Our application needs a "proximity" that's a MINIMUM of 300' (outdoor; line-of-site), which our prototype XBee's meet - and are a lot cheaper than RFID tags with equivalent range; better proximity (for farms) would be in terms of thousands of feet or miles, which the XBee Pros give - but they consume more power. Rangeland would require ranges in miles to tens of miles. But simply adding anchor points may accomplish the same purpose.

Unfortunately, cell phones don't provide sub-meter accuracy. There are several systems in use by the cell manufacturers, Wikipedia has a good description of the various techniques. Of course, most farms are located in rural areas - notorious for lack of cell towers.

I originally wanted to have "inch" accuracy, but I'm willing to be a little sloppy on that. I do need identification of the tag, and get as close as possible; which is why I wanted a very high resolution clock on the radios.
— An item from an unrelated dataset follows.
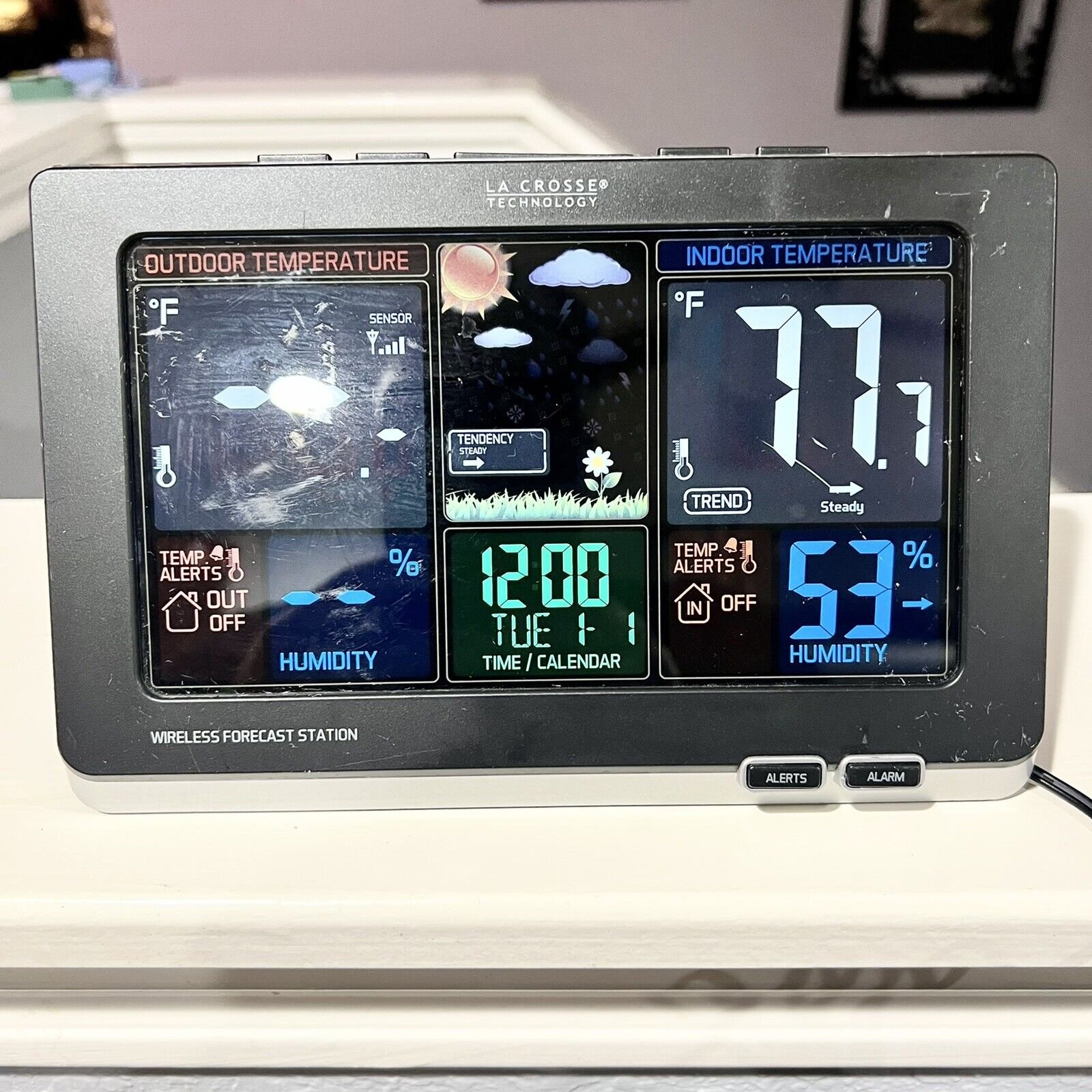 LA CROSSE Technology Wireless Forecast Station Clock Alarm Calendar s84193 WORKS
With synchronized high resolution clocks on both sides of the signal, we can calculate a rather precise distance between the endpoints, and not have to worry about software/interfacing latencies. (Although I believe the XBee's mesh networking may complicate or render that approach impossible. Without further testing, we can't be sure.)

I should point out that the XBee's provide a received signal strength metric, but its only accurate to 2 decimal places (-40db to current gain setting). But I don't believe this will provide sufficient accuracy in determining distance.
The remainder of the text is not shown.